On March 9, 2021, Minneapolis police received a tip from an informant who reported observing a person selling marijuana who had a firearm with an extended magazine. The individual was, according to the informant, a Black male in his mid-20s in a tan SUV. The informant also provided the license plate number as well as the vehicle’s location. However, the informant did not provide other information such as the height and weight of the person or a description of his clothing.
This tip did not come from just anyone, but it came from someone designated a confidential reliable informant (CRI). Informants become CRIs if they have a strong track record of providing reliable information to law enforcement. CRIs are typically paid or receive charging or sentencing leniency for the information that they provide.
The CRI was under contract with the Minneapolis Police Department. The department had worked with the CRI multiple times and consistently found that the CRI’s information was reliable. Information from the CRI yielded multiple investigations and subsequent arrests, charges, and convictions.
A half-hour after the tip, police stopped the vehicle that the informant described. Mark Michael Mosley was driving, and he was ordered out of the vehicle. During the search, police found a firearm concealed behind the radio.
Because Mosley had a prior conviction for a violent crime, he is prohibited from having a firearm. Mosley was charged with being a prohibited person in possession of a firearm.
Mosley filed a motion to suppress the evidence discovered during the traffic stop, including the firearm. The district court granted Mosley’s motion to suppress, finding that the corroboration of the CRI’s tip was at issue in the case. It found that, because the police could corroborate only “minor details,” such as the car’s description and location, there was not enough there to establish the informant’s basis of knowledge.
Considering the State’s appeal, the Minnesota Court of Appeals agreed that there were questions about corroboration. It found the police corroborated only “easily-obtained details.” However, the court’s decision was not unanimous. Judge Louise Bjorkman opined that the CRI had direct, firsthand knowledge of Mosley’s firearm possession. Due to this knowledge, Bjorkman found that the police were not required to corroborate more details.
The point of contention between the State and Mosley was whether there was probable cause to search Mosley’s vehicle. The parties disagreed about whether the car was sufficiently connected to unlawful activity to permit police to search it. Mosley argued that the CRI failed to allege facts connecting the gun to the vehicle. Conversely, the State maintained that the CRI personally saw a person with a gun inside of the car.
“The record demonstrates that the informant who provided the tip had documented veracity and a legitimate basis of knowledge,” said Sarah Vokes, senior assistant Hennepin County attorney. “The tip gave the officers probable cause.”
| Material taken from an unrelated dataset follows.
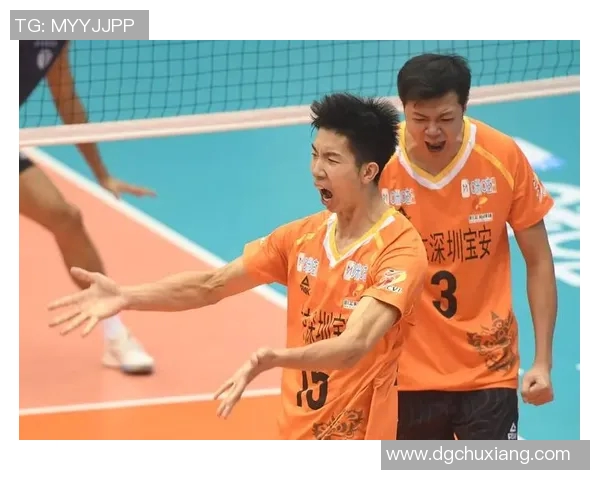 深圳排球队在全国排球速度排行榜中荣获第七名展现出强劲实力与潜力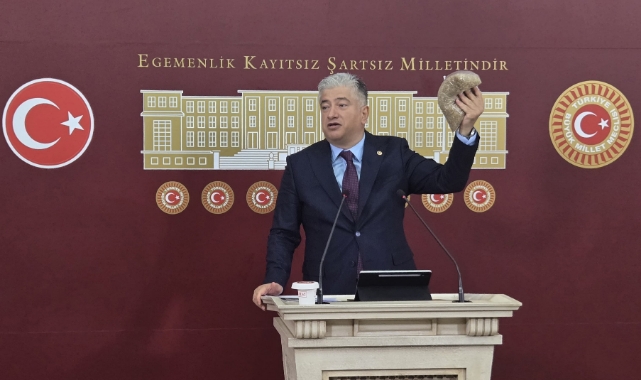 Kısacık:''Çiftçi Ürettiği Bir Kilo Buğday İle Bir Bardak Çay İçemiyor''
“Because this tip was from someone known to be truthful, and that this person gave a firsthand account of seeing the suspect with a weapon in the car, this provided police with probable cause to believe that particular car contained a weapon,” added Volkes.
The Supreme Court, citing precedent, concluded that having a firearm out in a vehicle was sufficient to create probability that there was unlawful activity happening.
The State and Mosley also argued over the reliability and corroboration of the informant’s tip. Although Mosley contested the CRI’s reliability, the court disagreed. Agreeing with both the district court and the court of appeals, the Minnesota Supreme Court concluded that the CRI’s tip was reliable based on the fact that the CRI’s information had been acted on several times by the police in the past and had proven accurate.
Mosley argued that, even if the CRI was reliable, the State did not establish the CRI’s knowledge basis by sufficiently corroborating the tip. By not corroborating further, Mosley contends that the State did not establish probable cause.
“When this vehicle was stopped, probably close to 40 minutes after the tip, the arresting sergeant only had a description of a young Black male with a gun. That is it,” said Paul Maravigli, assistant public defender. “If that does not invite racial profiling, I don’t know what does.”
“What did he look like?” Maravigli asked. “What did his clothes look like? Was he short? Tall? Fat? Skinny? Did he have facial hair? Was he wearing a hat?”
The State contended that the preferred way to establish the CRI’s knowledge base was direct personal observation. It pointed to previous cases where the court concluded that there was sufficient knowledge basis when police corroborated only minor details. The court noted that police corroborated the vehicle, the license plate number, and its location. While the district court characterized this corroboration as “easily obtained,” the Supreme Court found that it strengthened the veracity of the CRI’s tip.
“The Informant’s past reliability, personal observations, and police corroboration of some of the details in the tip, when considered together, convince us that the State met its burden and established probable cause to search the vehicle that Mosley was driving,” the court wrote.
The justices remanded the case to the district court “for further proceedings consistent with this opinion.”